- [Exercise] Leaving out every picture, transcribe the lines from the line that contains "Part of Wards" to the end of the entries below, both ends included.

Image-caption web data:
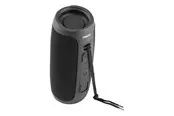 STREETZ S350 Bluetooth Speaker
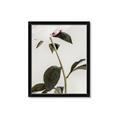 Picture of Romantic Blur Peony II _GroupedProduct_Rectangle_Portrait_Photography _GroupedProduct_Rectangle_Portrait_Framed_Matted_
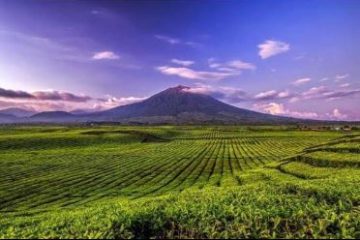 perkebunan teh malabar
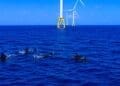 porpoises swimming near offshore wind turbines
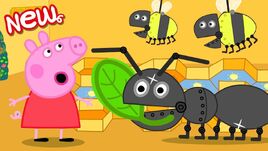 Big Bug Museum (New)
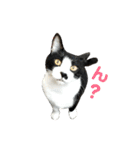 ねねとこにゃ（個別スタンプ：21）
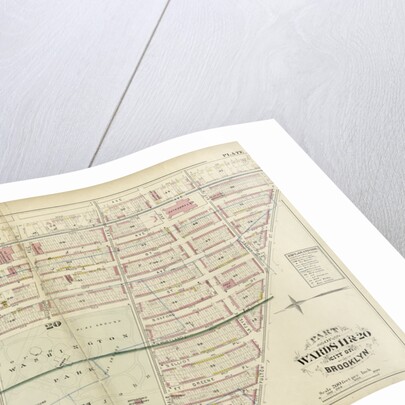 Part of Wards 11 & 20 City of Brooklyn, New York by Anonymous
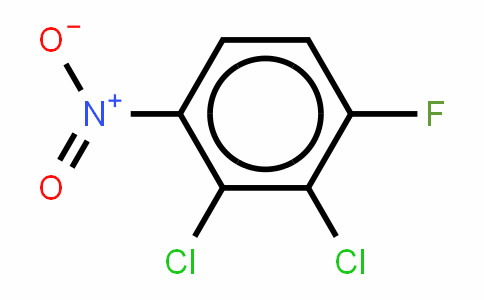 2,3-二氯-4-氟硝基苯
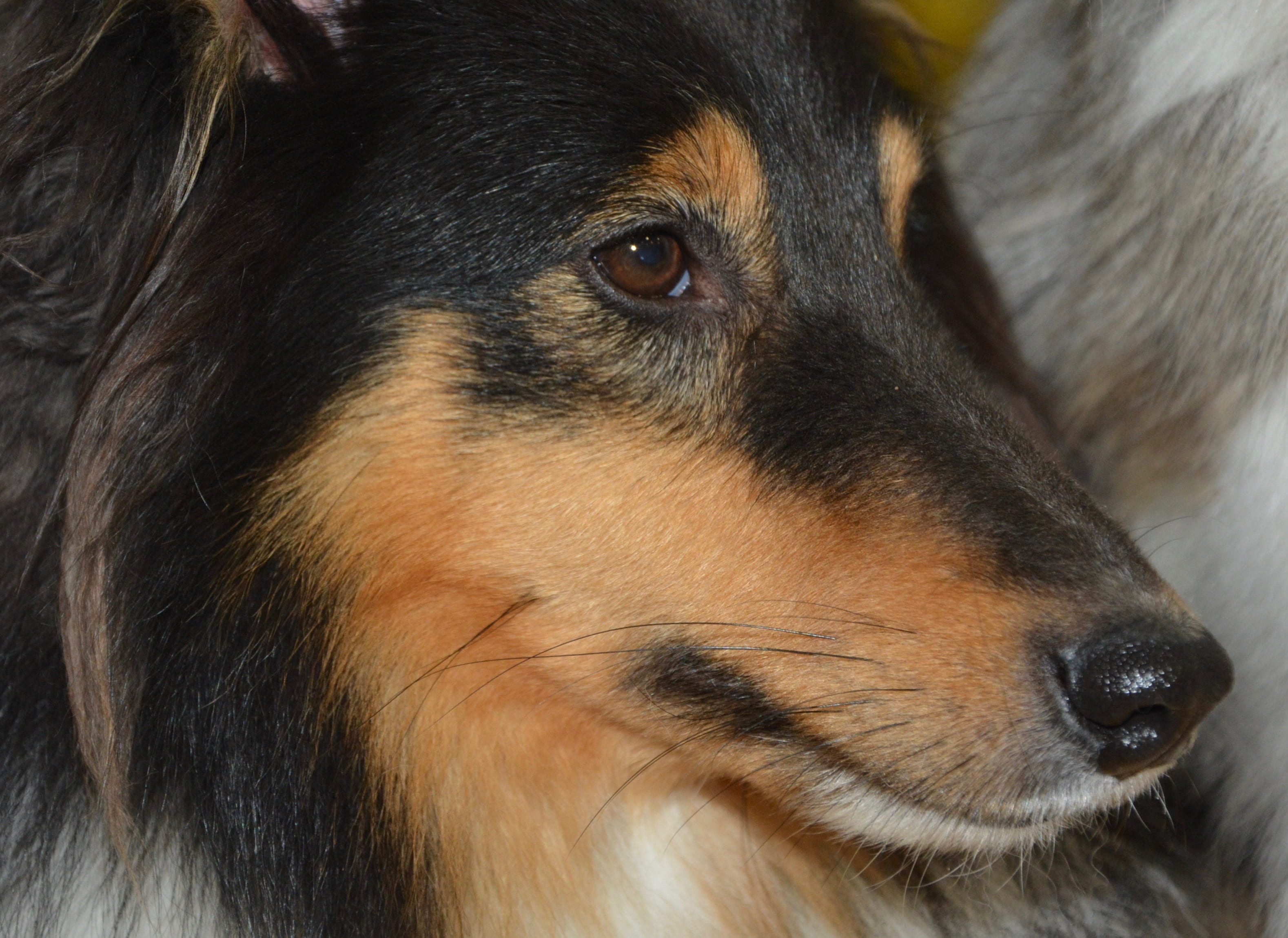 pet dog, the long muzzle end, canine, mammal, profile dog, 2K, profile view, eyes muzzle nose dog, animal, domestic, color tri-color, no people, german shepherd, HD Wallpaper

- [Expected output]
 Part of Wards 11 & 20 City of Brooklyn, New York by Anonymous
 2,3-二氯-4-氟硝基苯
 pet dog, the long muzzle end, canine, mammal, profile dog, 2K, profile view, eyes muzzle nose dog, animal, domestic, color tri-color, no people, german shepherd, HD Wallpaper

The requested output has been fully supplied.